Em meio à
discussão sobre a redução da maioridade penal, a Monitoria Científica foi
buscar conhecer um pouco sobre as unidades de informação dentro de presídios. Como
trabalham esses profissionais? Cátia Lindemann, estudante de biblioteconomia, desenvolve o projeto Janela Literária na Penitenciária Estadual
do Rio Grande (PERG), no Rio Grande do Sul, onde oferece o acesso à leitura para a população carcerária.Cátia é um exemplo da luta e garra dessa
categoria. Acompanhe sua emocionante história:
Cátia Lindemann, 41
anos, é gaúcha da cidade de Rio Grande, RS. Morou 23 anos na cidade do Rio
de
Janeiro. Voltou para o sul há poucos anos para cuidar de seus pais, que
necessitavam de cuidados e um olhar mais atento da única filha. Sua área de
atuação sempre foi as artes, área que sempre lhe proveu o sustento para criar
sozinha as duas filhas gêmeas. Cátia fazia esculturas em espuma, papel marché e
papelagem.
![]() |
Cátia posa sobre a mesa feita de livros de descarte |
A volta para
o Rio Grande
“Logo
que retornei para Rio Grande, segui no mundo das esculturas em espuma, o que
por aqui era ainda inusitado e foi no pedido de um cenário em espuma para
teatro que conheci uma agente penitenciária da PERG”, explica Cátia. “Foi
durante a execução das peças que ela ia comentando comigo que a Penitenciária
não possuía biblioteca e que os detentos não tinham acesso algum a nenhum tipo
de livro.” Este foi o ponto de partida para Cátia começar a desenhar o projeto
Janela Literária, uma ação para levar a leitura aos detentos daquela unidade prisional.
Mas como fazer? Cátia não tinha a menor ideia.
A combinação
perfeita
Quando
decidiu fazer o Enen em 2010, Cátia já tinha decidido como executar o seu
plano. Tinha encontrado o que lhe parecia ser a combinação perfeita:
Biblioteconomia + presos + livros. Passou na primeira chamada na Universidade
Federal do Rio Grande (FURG) e tratou de arregaçar as mangas para realizar o
que tinha arquitetado, e assim começou o seu périplo: “Tão logo comecei a
cursar Biblio, fui de professor em professor do curso levar minha ideia, a qual
foi rejeitada por todos...me rotulavam como louca, outros diziam que eu era uma
recém chegada no curso, que deveria esperar mais...outros quando eu mencionava
a palavra prisão, aí nem me davam ouvidos.
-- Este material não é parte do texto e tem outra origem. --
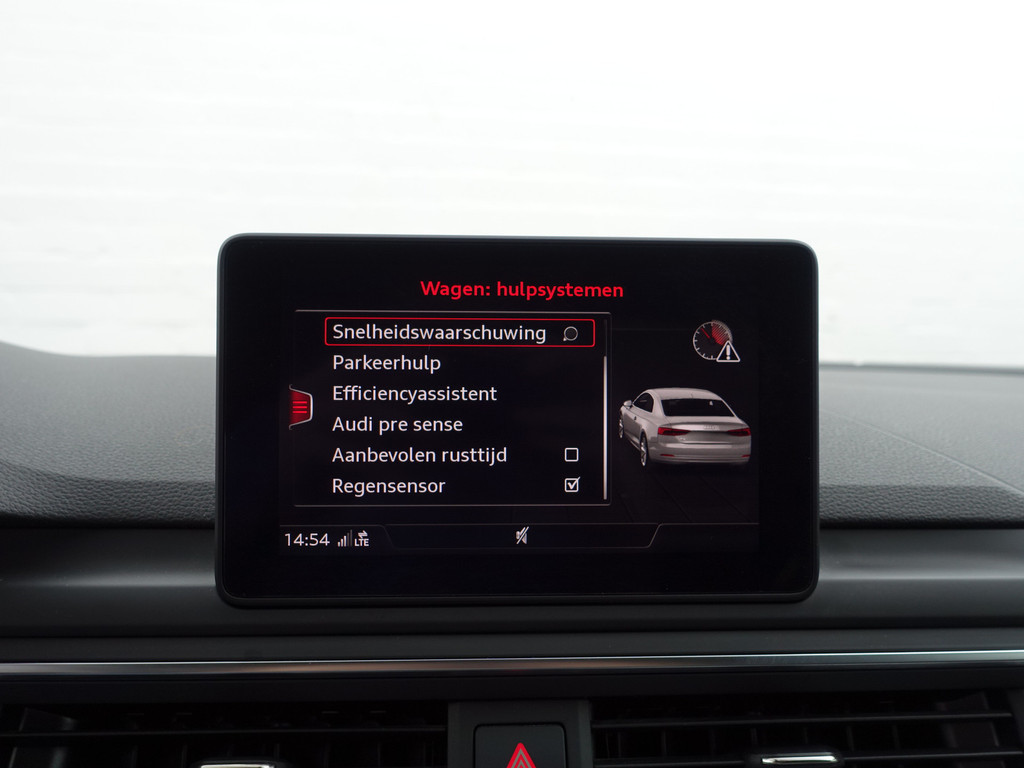 
Audi A5 Coupé 40 TFSI S line Black Optic Aut- Xenon Led, Dynamic Select, Keyless, Sfeerverlichting, Navi, Park Assist vol									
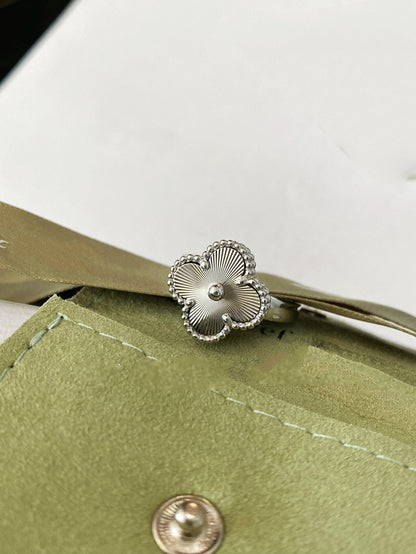 [⭐moonlume]CLOVER SILVER RING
Assim o tempo ia passando e eu
sozinha elaborando meu projeto, já no papel e com bons argumentos, mas sem
ninguém para acreditar em mim”, conta a bibliotecária.
Biblioteconomia
e Sociologia
![]() |
Cátia está de camiseta preta na foto à esquerda, abaixo |
Aluna do 5º semestre de Biblioteconomia da FURG, Cátia trabalha na Biblioteca Central
há dois anos, no setor de Referência, e divide seu tempo entre o trabalho, o
Janela Literária, as filhas e os objetos que cria com livros de descarte. Com
tantas atividades, continua sonhando alto e vivendo o que considera ser a
verdadeira arte: “Na minha humilde concepção, a Biblioteconomia é arte em sua
essência...a arte que cria, educa e faz a mediação da informação.”
Na
entrevista abaixo, gentilmente concedida por email, Cátia explica outros
detalhes do Janela Literária:
MC: Conte-nos como a ideia da leitura como processo
de libertação lhe motivou a dar forma a esse projeto de reintegração social.
CÁTIA: De
posse da informação de que a Penitenciária Estadual do Rio Grande (PERG –RS)
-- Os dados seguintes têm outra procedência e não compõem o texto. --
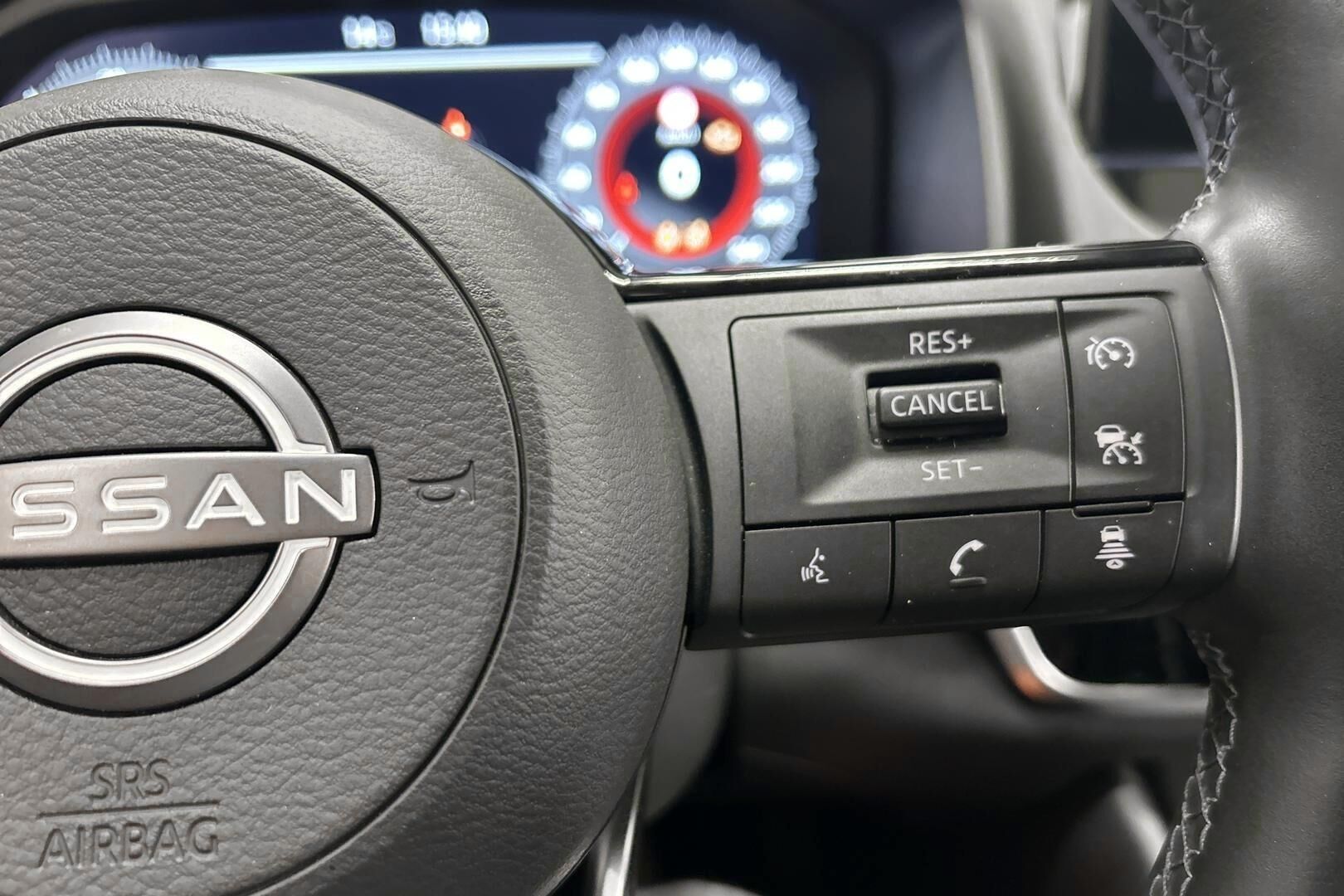 Nissan Qashqai iso kuva 17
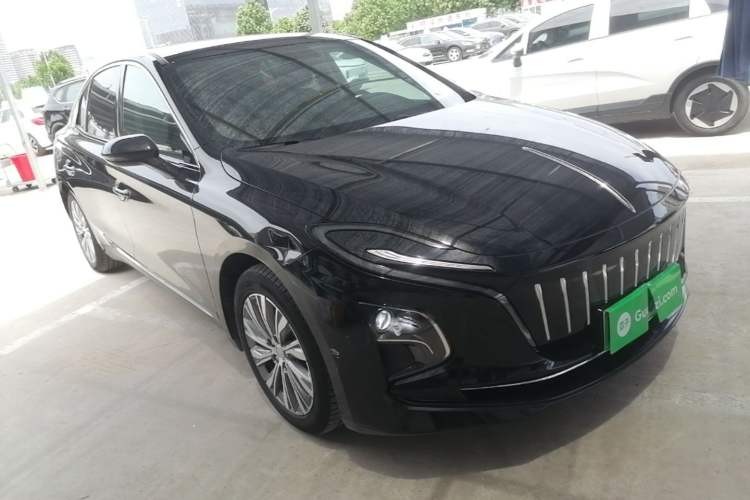 Used Hongqi E-QM5 2024 500km Range Edition Front Right 45 Deg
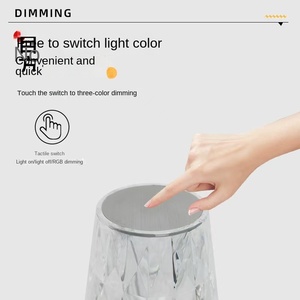 Lámpara de mesa LED recargable con control táctil, <span class=keywords><strong>cristal</strong></span> rosa - Product Image 2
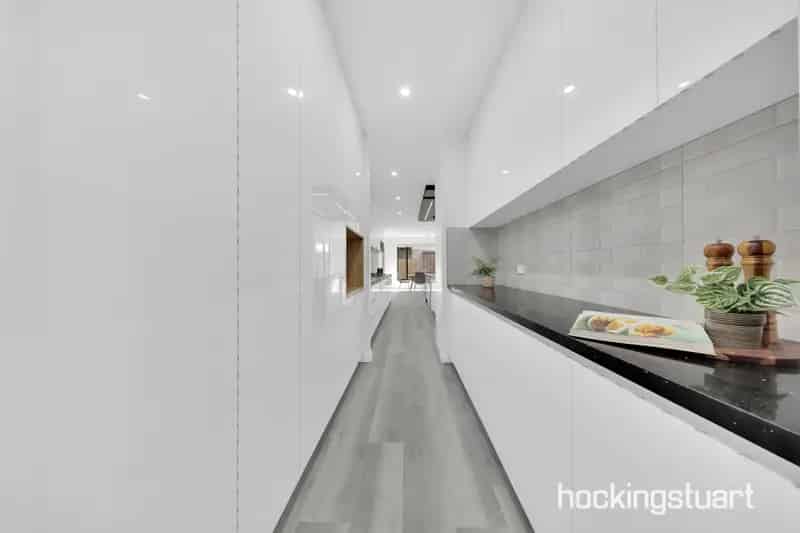 House For Sale , 15, Lakoya Avenue, Melbourne, Victoria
não possuía biblioteca e acreditando que a leitura pudesse ocupar o tempo
ocioso do preso, considerei de que modo poderia concretizar este sonho de levar
conhecimento a quem não tem acesso ao conhecimento. Ora, em se tratando de
cárcere, poucos, para não dizer raros, se atrevem a montar qualquer coisa neste
sentido.
Então, busquei
a Biblioteconomia como instrumento para realização deste projeto, afinal, na
minha concepção, a Biblio lida com o tesouro mais precioso da humanidade : a
informação, e dentro deste contexto estão os livros.
Tão logo comecei
o curso, fui em busca de embasamento para o projeto e tomei ciência de que
temos a Resolução nº 14 do Conselho Nacional de Política Criminal e
Penitenciária, de 11 de novembro de 1994, publicada no DOU de 2.12.1994 Titulo
1, Capítulo. XII, Das instruções e assistência educacional, art. 41, que
afirma: "Os estabelecimentos
prisionais contarão com bibliotecas organizadas com livros de conteúdo
informativo, educativo e recreativo, adequados à formação cultural, profissional
e espiritual do preso".
Bem,
então utilizei o respaldo de que, por Lei, todo estabelecimento penal deveria
ter biblioteca. Isso foi em 2011. Exatamente em 29 de junho deste mesmo ano foi
sancionada a lei 12.433, que define como direito do apenado, além da redução da
pena por meio do trabalho, também a redução da pena por meio do estudo.
Descobri também que a Superintendência dos Serviços Penitenciários (Susepe)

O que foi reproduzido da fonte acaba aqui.